**EXERCISE DESCRIPTION:** Everything from the line with "Cats For Harris" through the final line of the listing below must be retyped exactly, apart from the pictures.

**PROVIDED MATERIAL:**

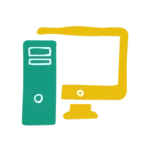 pictogramme ordinateur vert avec écran jaune
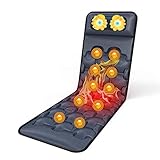 Tapis De Massage en Mousse À Mémoire Chauffante,Ajustement De La Force À 9 Vitesses,Coussin De Matelas De Massage De 10 Moteurs De Vibration,Soulager Le Cou, Le Dos, La Taille Et Les Jambes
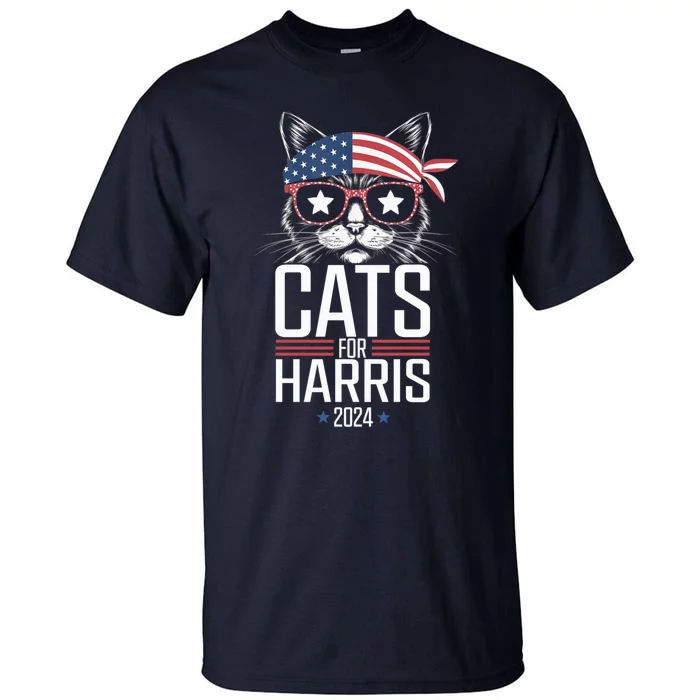 Cats For Harris 2024 Kamala Harris For President 2024 Tall T-Shirt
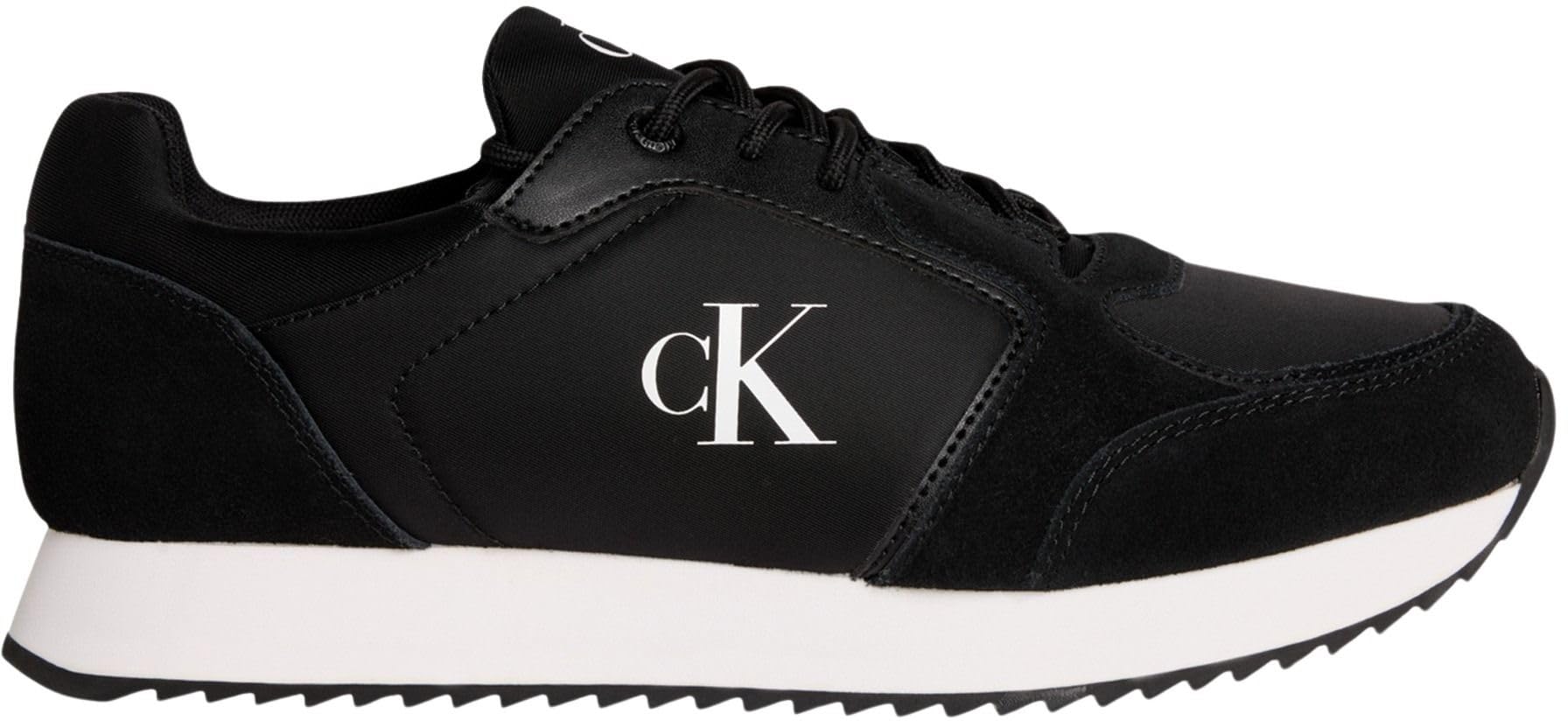 Calvin Klein Women’s Sporty Lace-up Sock Runner Trainers, Black (Black), 7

**ANSWER AREA:**
 Cats For Harris 2024 Kamala Harris For President 2024 Tall T-Shirt
 Calvin Klein Women’s Sporty Lace-up Sock Runner Trainers, Black (Black), 7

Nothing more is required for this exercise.